We have already seen that there are people with a dynamic lifestyle who become stressed when they stop working, and Herreras emphasizes this: “Boredom, leisure, forced or prolonged rest, can be very stressful and, of course, nothing positive”.

Will doctors end up prescribing rest instead of painkillers? Herreras does not see this as unreasonable, and explains that a current current of thought holds that slow neurodegenerative diseases, such as Alzheimer’s and Parkinson’s, can be caused by chronic inflammation of the brain. And that neuroinflammation is due at least in part to the electrical activity of neurons. Therefore, excessive activity in certain areas, precisely those that process specific tasks, requires a high supply of oxygen and, therefore, blood.

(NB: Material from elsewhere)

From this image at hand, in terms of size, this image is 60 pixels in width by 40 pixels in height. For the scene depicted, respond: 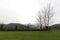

“In the metabolic transfer between blood vessels, glial cells and neurons, many neuroactive agents appear, such as cytokines, and some of them are toxic that must be eliminated continuously, and that contribute to brain inflammation. The cessation of activity will be beneficial in this sense.”

By the way, the recovery of the metabolism and the active circuits that are formed during daily activity requires sleep, which returns us to one of the basic topics that we saw at the beginning of the article. A viable hypothesis is that demanding day-to-day tasks break the bank by reaching levels of cytokines and inflammation that sleep does not have time to correct, especially if you sleep little, badly or both. It is possible, only possible, that the work excesses end up paying then as a slow and cumulative neuronal degeneration. But in science, hypotheses only serve to prove or disprove them, and while that arrives, reliable advice cannot be given to the population. Distrust shamans and happy holidays.